# How to Diagnose the Missing Data Mechanism

by

One important consideration in choosing a missing data approach is the missing data mechanism—different approaches have different assumptions about the mechanism.

Each of the three mechanisms describes one possible relationship between the propensity of data to be missing and values of the data, both missing and observed.

## The Missing Data Mechanisms

Missing Completely at Random, MCAR, means there is no relationship between the missingness of the data and any values, observed or missing. Those missing data points are a random subset of the data. There is nothing systematic going on that makes some data more likely to be missing than others.

Missing at Random, MAR, means there is a systematic relationship between the propensity of missing values and the observed data, but not the missing data.

Whether an observation is missing has nothing to do with the missing values, but it does have to do with the values of an individual’s observed variables.

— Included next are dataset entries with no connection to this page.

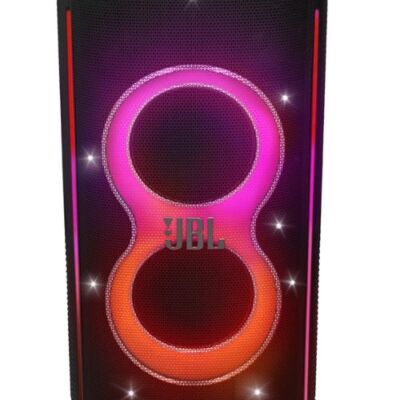 Black Friday 2022 Sistem audio JBL PartyBox Ultimate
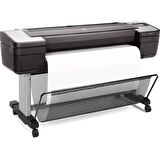 HP W6B56A DesignJet T1700DR 44" Mürekkep Püskürtmeli Geniş Format Yazıcı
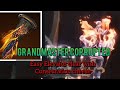 Grandmaster Corrupted strike Elevator CHEESE with Consecration. #destiny2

So, for example, if men are more likely to tell you their weight than women, weight is MAR.

Missing Not at Random, MNAR, means there is a relationship between the propensity of a value to be missing and its values. This is a case where the people with the lowest education are missing on education or the sickest people are most likely to drop out of the study.

MNAR is called “non-ignorable” because the missing data mechanism itself has to be modeled as you deal with the missing data. You have to include some model for why the data are missing and what the likely values are.

“Missing Completely at Random” and “Missing at Random” are both considered ‘ignorable’ because we don’t have to include any information about the missing data itself when we deal with the missing data.

## Why you need to know the mechanism you have

Multiple imputation and Maximum Likelihood assume the data are at least missing at random. So the important distinction here is whether the data are MAR as opposed to MNAR.

Listwise deletion, however, requires the data are MCAR in order to not introduce bias in the results.

As long as the distribution and percentage of missing data is no so great that it negatively affects power, listwise deletion can be a good choice for MCAR missing data. So the important distinction here is whether the data are MCAR as opposed to MAR.

Keep in mind that in most data sets, more than one variable will have missing data, and they may not all have the same mechanism. It’s worthwhile diagnosing the mechanism for each variable with missing data before choosing an approach.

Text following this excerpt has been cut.